Joaquin Arroyo-Cabrales and Eduardo Corona-M.
Interest in the first hunter-gatherer populations of Mexico has increased in the last fifteen years. Exploration of the Late Pleistocene localities involved in the early peopling of Mexico, including the discovery of new ones and reanalysis of known ones, and the application of new methods and techniques (e.g. AMS radiocarbon dating, stable isotopes, scanning electron microscopy, palaeobotanical analysis) have increased. Archaeozoology has contributed to this expansion by increasing the record of terrestrial vertebrates, improving understanding of the record and delimitation of distributional ranges of extinct species.
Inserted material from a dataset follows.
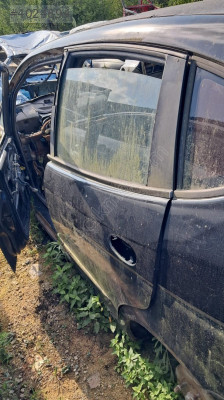 CHEVROLET REZZO SAĞ ARKA KAPI.OTO ERKAN ÜNYE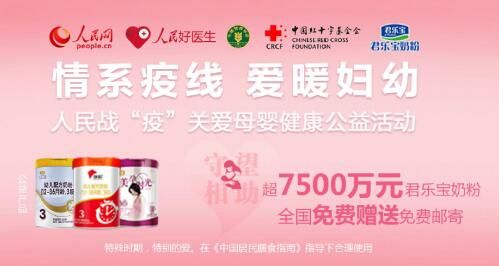 人民好医生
There is now more information on the type of diet of some extinct herbivores and hypotheses about the status of local palaeoenvironments have been provided. Questions remain about the interactions between human migrations and the environments, specifically the degree of influence that humans had in the extinction of mega- and mesofaunas, and the diversity of subsistence strategies employed by hunter-gatherers in the Late Pleistocene.
Tanya M. Peres
Hydrographic features dominate the Olmec heartland. Fishing, travel, transport, and trade via watercraft were essential parts of daily life. This chapter synthesizes archaeofaunal, iconographic, and biological data about human–animal relationships during the Formative period in the Gulf Coastal lowlands of Veracruz, Mexico. Aquatic environments were reliable sources of physical sustenance for the Olmec and Epi-Olmec, and fresh-water fish, turtles, and local and migratory water birds made up the daily diet. Animals found in marine environments were elevated to a sacred status and venerated in iconography, and jade and ceramic effigies and pendants became important parts of spiritual sustenance.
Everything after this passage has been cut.